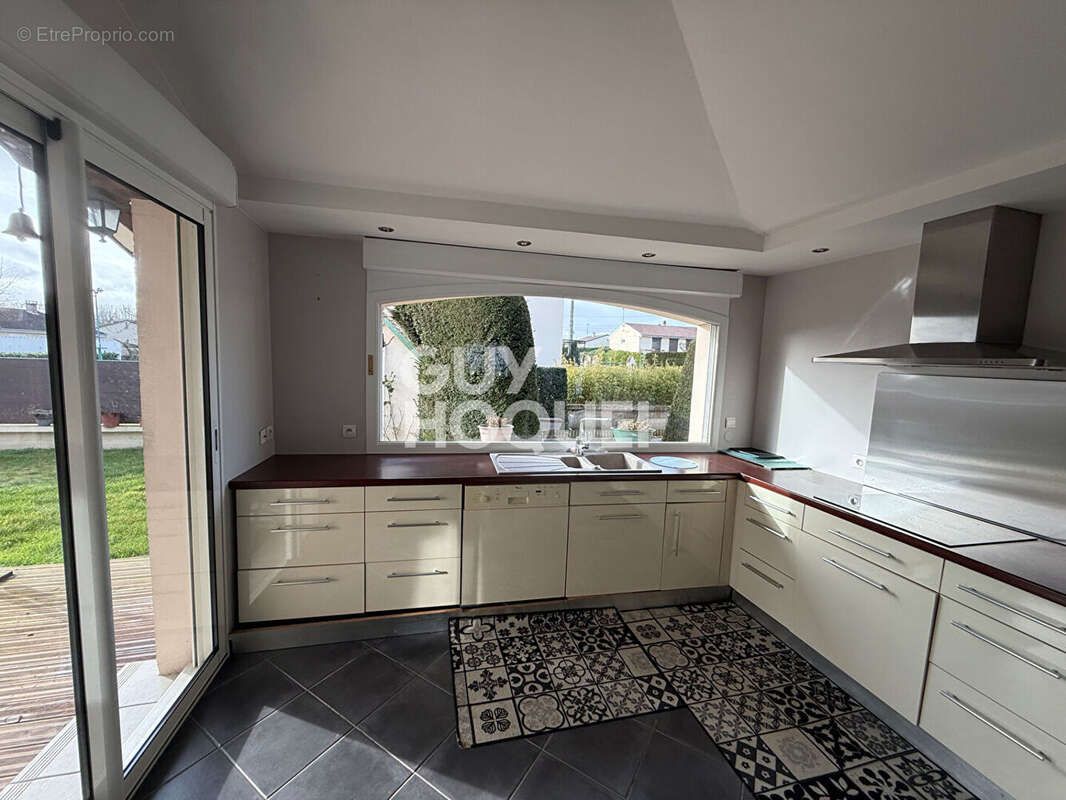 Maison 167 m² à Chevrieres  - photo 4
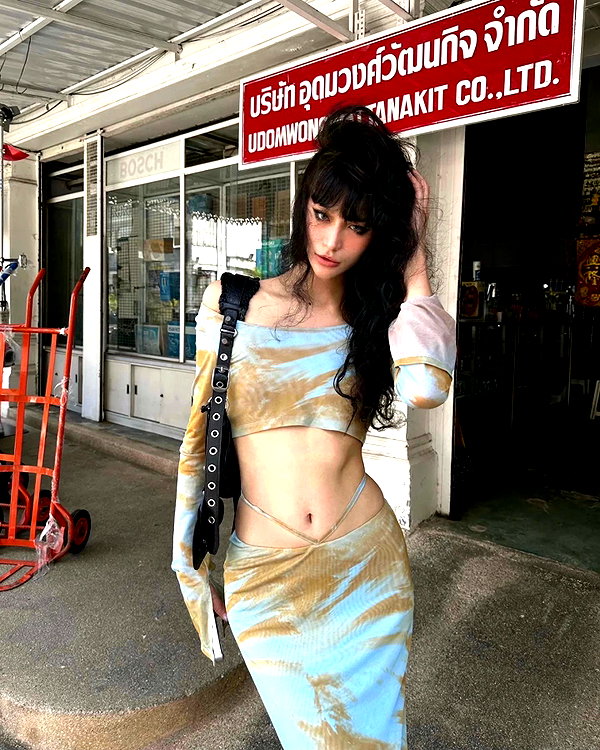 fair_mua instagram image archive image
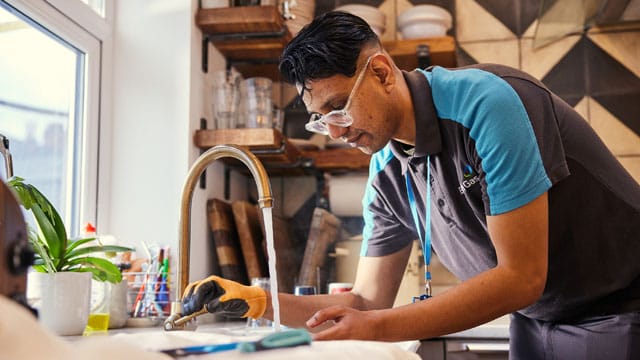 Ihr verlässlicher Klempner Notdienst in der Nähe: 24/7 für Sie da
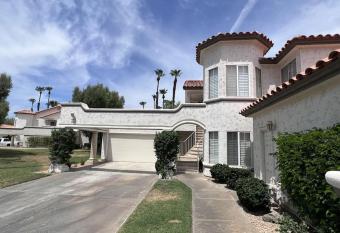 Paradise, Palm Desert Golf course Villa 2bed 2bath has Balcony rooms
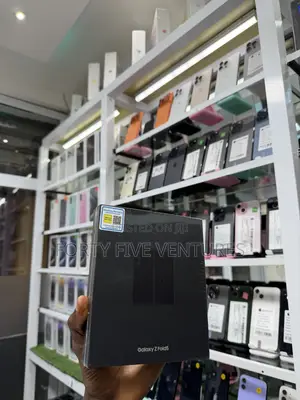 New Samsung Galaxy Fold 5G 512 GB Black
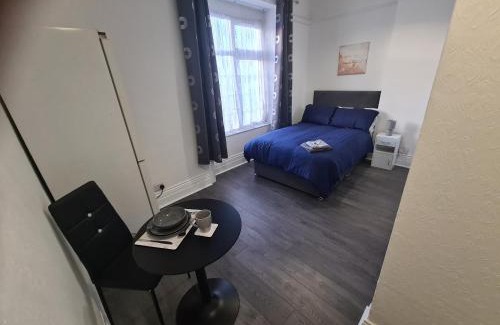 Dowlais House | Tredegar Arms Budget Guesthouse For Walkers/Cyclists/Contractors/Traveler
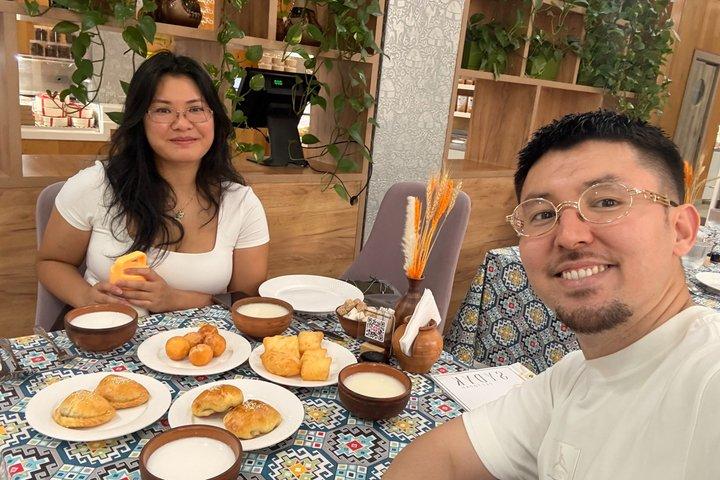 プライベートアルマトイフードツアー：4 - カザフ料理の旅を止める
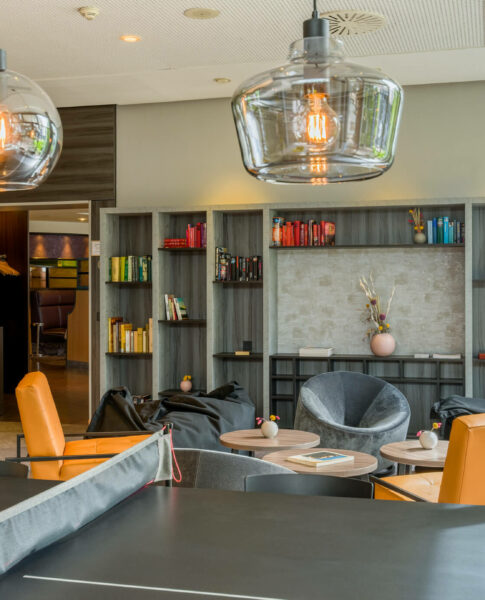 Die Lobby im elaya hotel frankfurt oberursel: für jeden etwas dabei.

---

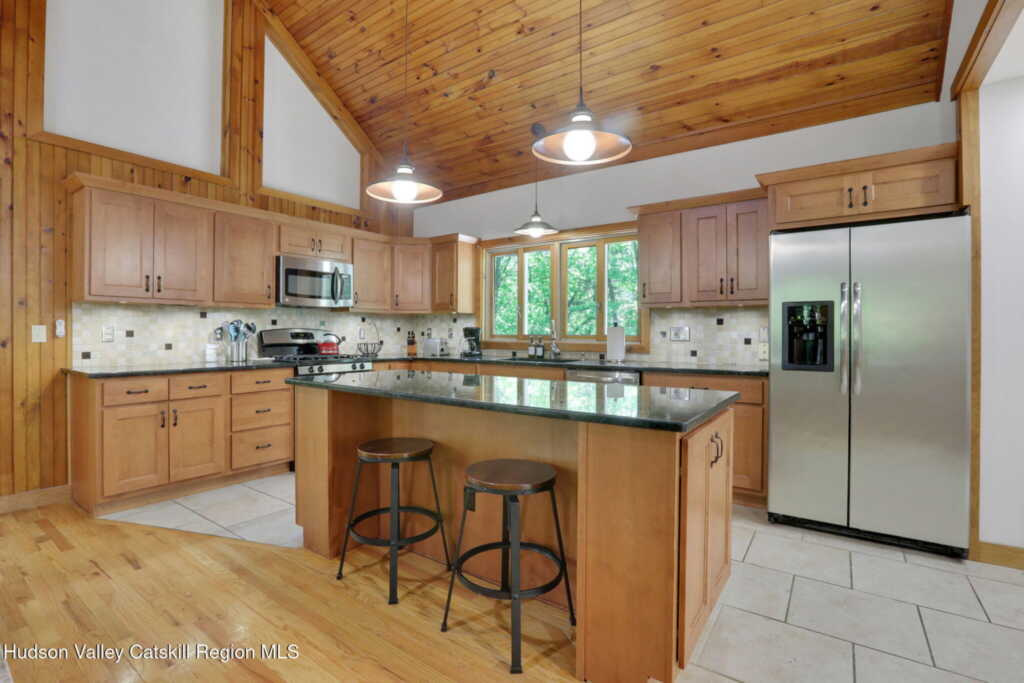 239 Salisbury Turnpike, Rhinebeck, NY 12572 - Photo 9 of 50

**Required work**
The material above holds pictures; leave them out and set down exactly the lines from the line with "fair_mua instagram image archive image" to the line with "Die Lobby im", both included.

**The completed task**
 fair_mua instagram image archive image
 Ihr verlässlicher Klempner Notdienst in der Nähe: 24/7 für Sie da
 Paradise, Palm Desert Golf course Villa 2bed 2bath has Balcony rooms
 New Samsung Galaxy Fold 5G 512 GB Black
 Dowlais House | Tredegar Arms Budget Guesthouse For Walkers/Cyclists/Contractors/Traveler
 プライベートアルマトイフードツアー：4 - カザフ料理の旅を止める
 Die Lobby im elaya hotel frankfurt oberursel: für jeden etwas dabei.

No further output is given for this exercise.